Le goût de la fête il le contracte au Cheylard, petit village de l’Ardèche, où il était né en 1921 et où on aimait fêter en musique la sainte Barbe et la sainte Cécile. C’est là également, à l’âge des culottes courtes, et sous la férule d’un père musicien qui le pousse sur les estrades des fêtes villageoises et lui inflige « les premières tortures des répétitions » que se forge son destin d’homme de plateau.
En 1941, enrôlé dans la « musique nationale » des « chantiers de jeunesse », il profite d’une permission pour rejoindre le maquis du Vercors où il organise des soirées musicales et poétiques pour ses camarades. Il Y rencontre Joffre Dumazedier, fondateur de Peuple et culture qui, après la guerre, le fait engager à Annecy comme instructeur d’art dramatique.
Là, il anime dans l’esprit de Dullin et Copeau, des stages de théâtre amateur, les Nuits Théâtrales d’Annecy où il réalise des spectacles notamment un Ubu Roi qui lui vaut d’être salué par Roland Barthes. C’est pour lui que Michel Vinaver, qui alors vit et travaille à Annecy, écrit Les Coréens . Nous sommes en 1956, un moment particulièrement sensible de la politique coloniale et la pièce est interdite. Tout aussitôt Gabriel Monnet démissionne et rejoint Jean Dasté à la Comédie de Saint-Etienne. Sur les conseils de ce dernier, en 1963, il se lance dans l’aventure de la Comédie de Bourges et de ce qui sera la première Maison de la culture inaugurée en présence du Général de Gaulle et de son ministre André Malraux.
Il ouvre la maison à tout ce dont, pour lui, se nourrit le théâtre : la musique et les arts plastiques, crée le festival du Théâtre des provinces, monte les œuvres du répertoire ( Shakespeare, Molière…) celles du théâtre contemporain, notamment Audiberti (Cœur à cuire) et fera connaître en France Arnold Wesker avec Racines que met en scène Edmond Tamiz.
Victime des « dommages collatéraux » de mai 68, il quitte Bourges pour Nice.

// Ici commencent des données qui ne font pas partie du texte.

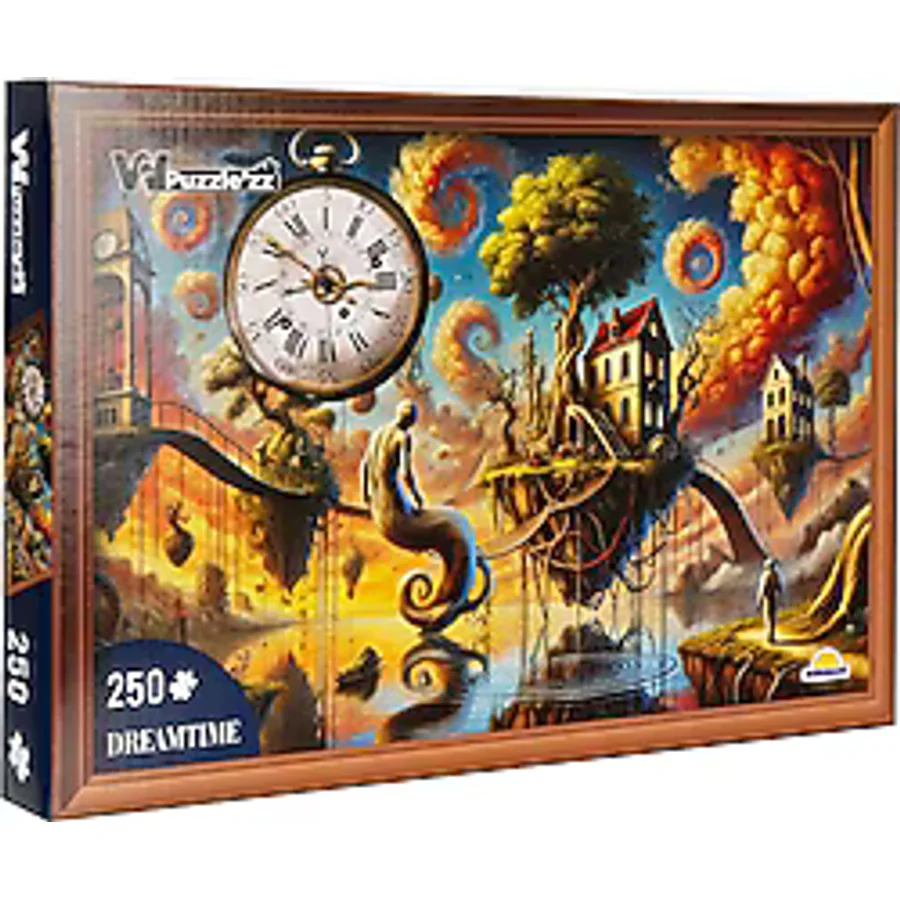Witty Puzzlezz Saat ve Ev 250 Parça Puzzle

En 1969 il y crée le Centre Dramatique qu’il inaugure avec une pièce d’Edward Bond La Route étroite vers le Grand nord, qui met en cause l’armée et la religion. Ce premier spectacle lui vaudra des démêlées avec Jacques Médecin, le maire d’alors et fera tempétueux son séjour niçois.
Nommé à Grenoble en 1974, il a vite fait de repérer une jeune troupe « Le Théâtre des partisans » qui s’est notamment fait remarquer par un Roi Lear qui rompt avec la bienséance théâtrale. Le chef de troupe s’appelle Georges Lavaudant. Il l’imposera comme codirecteur du Centre Dramatique des Alpes, avant de lui laisser la place en 1979, pour redevenir un acteur dans la troupe. Entre Gabriel Monnet et Georges Lavaudant l’amitié sera indéfectible et la veille de sa mort ils devaient se retrouver une fois encore pour un spectacle autour de l’écrivain portugais Antonio Lobo Antunes. Un des derniers grands rôles de Gabriel Monnet, aura été un Puntila truculent et vif. A son image en somme.
Avec sa disparition on a le sentiment que le rideau tombe non seulement sur une certaine idée du théâtre public et populaire, mais aussi un certain esprit de résistance.